The missionary at Agua de Dios

Fixing his gaze on Bro. Variara, among the 188 others who had the same intention, he said: “This one is mine.” Bro. Louis arrived in Agua de Dios on August 6, 1894. The mission numbered 2,000 people, of whom 800 were lepers.

As soon as he arrived, he became the life and soul of all who lived there, especially the children. He organized a band and brightened up peoples’ lives with unexpected festivity. In 1895 Fr. Unia died, leaving and Bro. Louis and Fr. Raphael Crippa (†1928) to carry on the work. In 1898 Fr. Variara was ordained. He became an excellent spiritual director.

In 1905 Fr. Variara finished building the Fr. Unia Kindergarten, a place that could accommodate up to 150 orphans and lepers and that guaranteed that they could learn a trade to live by and fit into society in the future.

The beginnings of a religious institute

At Agua de Dios, the Sisters of Providence had created the Association of the Daughters of Mary, a group of some 200 girls.

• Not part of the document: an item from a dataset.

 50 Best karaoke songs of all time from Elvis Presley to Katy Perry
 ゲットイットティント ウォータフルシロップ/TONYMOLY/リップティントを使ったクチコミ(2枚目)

Fr. Variara was their confessor. He identified some in the group who were called to religious life. A brave project was born – something unique in the Church – a congregation that would be allowed to admit people with leprosy. Inspired by the spirituality of Fr. Beltrami, he developed the Salesian charism of sacrifice and founded the Congregation of the Daughters of the Sacred Hearts of Jesus and Mary, which today numbers 400 religious women.

A man of complete obedience

Fr. Variara suffered much at the time of this founding through the lack of understanding of people, including some superiors, who several times thought he should be removed from Agua de Dios. Like Don Bosco, he was exemplary in obedience. Even in the face of calumny he said nothing. He was credible because he was obedient. Fr. Michael Rua encouraged him from Turin.

He died far from his beloved lepers, as obedience had demanded. Now his remains lie in Agua de Dios, in the chapel where his sisters worship. St. John Paul II beatified him on April 14, 2002.